- _What this task involves_: For the listing below, print exactly the lines from the line with "Step 1: Get" to the line with "Thank you so", both included, and nothing beyond them.

- _Source records_:
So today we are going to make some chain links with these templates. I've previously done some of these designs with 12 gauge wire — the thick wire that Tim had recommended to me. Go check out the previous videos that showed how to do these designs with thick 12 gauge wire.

--

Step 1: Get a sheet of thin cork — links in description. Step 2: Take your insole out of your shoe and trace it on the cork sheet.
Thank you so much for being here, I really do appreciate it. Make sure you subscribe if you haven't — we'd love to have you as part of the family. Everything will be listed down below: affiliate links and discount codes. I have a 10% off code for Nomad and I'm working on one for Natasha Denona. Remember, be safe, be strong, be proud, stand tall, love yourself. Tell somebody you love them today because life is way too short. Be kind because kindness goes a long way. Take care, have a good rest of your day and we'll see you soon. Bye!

- _Answer_:
Step 1: Get a sheet of thin cork — links in description. Step 2: Take your insole out of your shoe and trace it on the cork sheet.
Thank you so much for being here, I really do appreciate it. Make sure you subscribe if you haven't — we'd love to have you as part of the family. Everything will be listed down below: affiliate links and discount codes. I have a 10% off code for Nomad and I'm working on one for Natasha Denona. Remember, be safe, be strong, be proud, stand tall, love yourself. Tell somebody you love them today because life is way too short. Be kind because kindness goes a long way. Take care, have a good rest of your day and we'll see you soon. Bye!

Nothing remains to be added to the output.